Junge Lyrik sieht sich selbst oft als eine Quelle der Innovation. Die Schnelllebigkeit der modernen Sprache, die Vielfalt der heutigen Gesellschaft mit all ihren frischen Einflüssen aus Ost, West, Süd und Nord verändern auch die Literatur tiefgreifend. Und so legt Leander Beil an jedem 8. des Monats den Fokus auf das kulturell und sprachlich Andere, das vermeintlich Fremde in der noch jungen Textwelt. »Fremdgehen, jung bleiben« nimmt jeweils einen Text oder Textausschnitt unter die Lupe und spielt essayistisch mit diesem – ohne den Spielregeln einer starren Analyse zu folgen.

 

Es ist Sonntagabend. Die Teller sind bereits leer, das Bier ist offen, der Tatort flimmert in den Wohnzimmern. Verfolgungsjadgen, Schießereien, explodierende Autos – das ist es, was sich jedermann jetzt zu wünschen scheint.

Und doch hält das gefühlt einzige längerfristig überlebensfähige Produkt der deutschen Fernsehwelt nur selten, was es verspricht. Die feine Kunst der Sprache tritt in den Hintergrund vor lauter Reibung, Feuer, Rauch und Action.

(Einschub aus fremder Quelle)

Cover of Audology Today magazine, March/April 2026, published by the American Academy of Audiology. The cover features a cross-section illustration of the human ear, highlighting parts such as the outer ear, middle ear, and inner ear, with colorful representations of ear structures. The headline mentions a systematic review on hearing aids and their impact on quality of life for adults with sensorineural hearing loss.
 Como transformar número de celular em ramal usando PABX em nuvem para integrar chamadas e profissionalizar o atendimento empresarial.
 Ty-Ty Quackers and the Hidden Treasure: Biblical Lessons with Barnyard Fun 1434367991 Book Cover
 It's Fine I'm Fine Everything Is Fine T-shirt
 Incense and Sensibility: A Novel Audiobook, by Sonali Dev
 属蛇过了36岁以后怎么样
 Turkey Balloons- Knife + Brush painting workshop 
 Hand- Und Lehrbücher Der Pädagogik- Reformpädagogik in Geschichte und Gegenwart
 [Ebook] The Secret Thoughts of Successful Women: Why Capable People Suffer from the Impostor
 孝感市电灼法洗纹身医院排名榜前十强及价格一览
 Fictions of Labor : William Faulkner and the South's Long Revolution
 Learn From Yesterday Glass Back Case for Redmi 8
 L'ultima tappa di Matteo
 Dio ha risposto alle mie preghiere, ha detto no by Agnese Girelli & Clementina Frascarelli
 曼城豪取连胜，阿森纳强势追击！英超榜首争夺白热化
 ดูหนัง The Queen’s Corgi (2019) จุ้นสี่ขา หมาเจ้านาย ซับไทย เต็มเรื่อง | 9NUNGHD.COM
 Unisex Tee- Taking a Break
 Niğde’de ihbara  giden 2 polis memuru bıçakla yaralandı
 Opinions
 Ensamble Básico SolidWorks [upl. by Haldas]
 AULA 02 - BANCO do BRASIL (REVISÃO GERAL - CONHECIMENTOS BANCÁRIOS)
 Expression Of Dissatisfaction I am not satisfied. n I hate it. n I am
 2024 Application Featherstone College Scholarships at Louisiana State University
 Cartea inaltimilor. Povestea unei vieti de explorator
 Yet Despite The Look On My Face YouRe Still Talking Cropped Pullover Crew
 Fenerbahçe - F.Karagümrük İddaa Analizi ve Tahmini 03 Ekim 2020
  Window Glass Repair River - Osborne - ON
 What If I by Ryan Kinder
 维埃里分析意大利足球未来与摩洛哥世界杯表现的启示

Und genau da könnte man auf den Jungdichter Samuel Kramer (geboren 1996 in Gießen) zu sprechen kommen. Denn in seinem Text gibt es all das – die Action, den Rauch und die Reibung. Jedes Wort, jedes Satzzeichen ist das Schwarzpulver eines Gedichts, das sich im letzten Wort selbst auflöst. Mit dem letzten Vers (»unsere Häute verschmelzen«) ist die Metamorphose der Berührung vollzogen. Das Feuer ist entzündet.

Kramer macht deutlich, dass in nur vier Zeilen erzählt werden kann, was so mancher Tatort in 90 Minuten nicht schafft. Er baut vorsichtig auf bis zum Höhepunkt, gibt dem Leser den Todesstoß (»todesmutig«) und löst dann gekonnt auf.

Und so zeigt er uns: Als unzeitgemäß abgetan ist Lyrik doch gerade heutzutage das ideale Medium für Zeit- und Rastlose. Und dafür ist es eigentlich nicht mal nötig, ein (wenn auch sehr schönes) Zitat von Wolfgang Herrndorf voranzustellen. Denn große Geschichten ganz klein – das können Gedichte wie das von Samuel Kramer auch so.
 

Du weißt nicht, wo du hinwillst. Du weißt nicht, warum du wo hinwillst.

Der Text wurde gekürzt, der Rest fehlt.